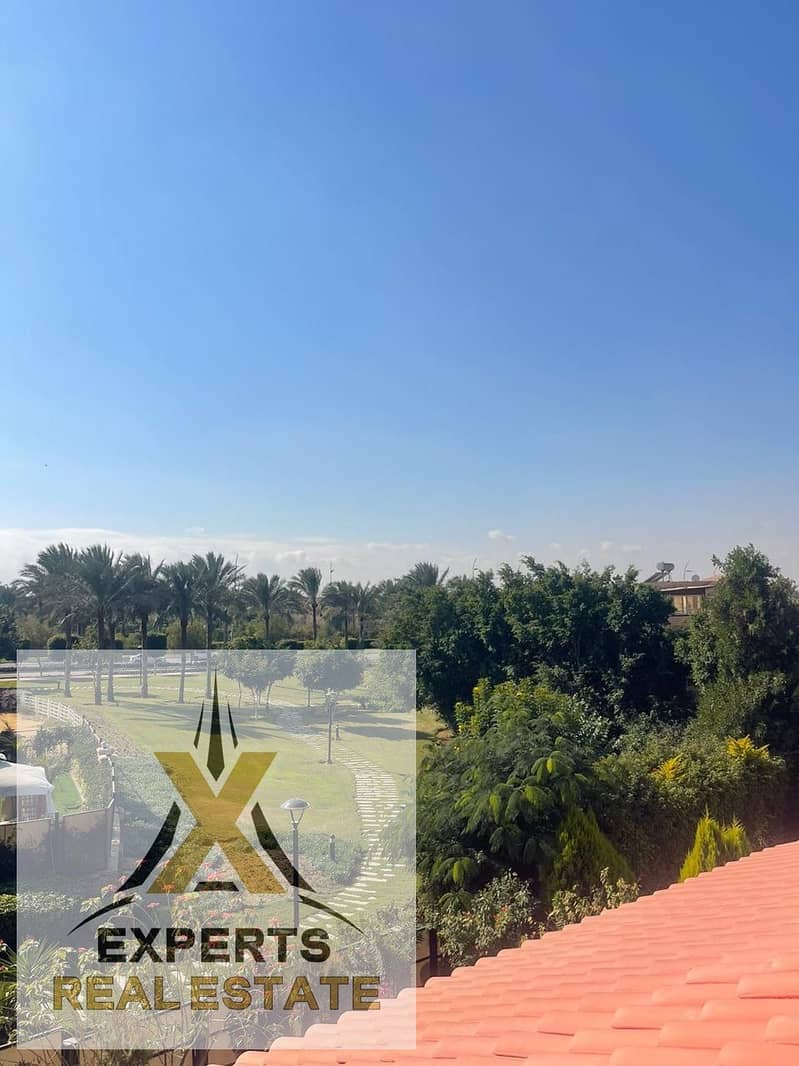 3 482dd378-d9d3-46b5-b228-2238f4653f17. jpg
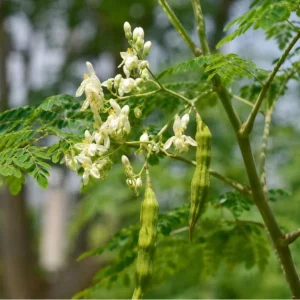 Moringa Oleifera Live Plant (2-Pack) - Drumstick Tree 12-18 Inch Tall - Easy Care Tropical Outdoor - Image 2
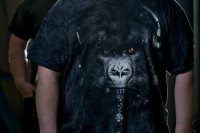 Prešov je muzikálny, nepochybuje o tom ani človek v Bratislave, uviedol okrem iného v rozhovore dídžej Peter Migaš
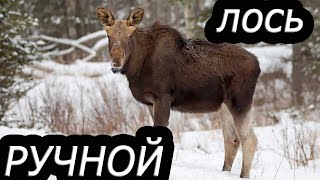 Сибирский лось в лесу | Не город TV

▶ [Activity]:
Would you give the data above again word for word, skipping any images?

▶ [Result below]:
 3 482dd378-d9d3-46b5-b228-2238f4653f17. jpg
 Moringa Oleifera Live Plant (2-Pack) - Drumstick Tree 12-18 Inch Tall - Easy Care Tropical Outdoor - Image 2
 Prešov je muzikálny, nepochybuje o tom ani človek v Bratislave, uviedol okrem iného v rozhovore dídžej Peter Migaš
 Сибирский лось в лесу | Не город TV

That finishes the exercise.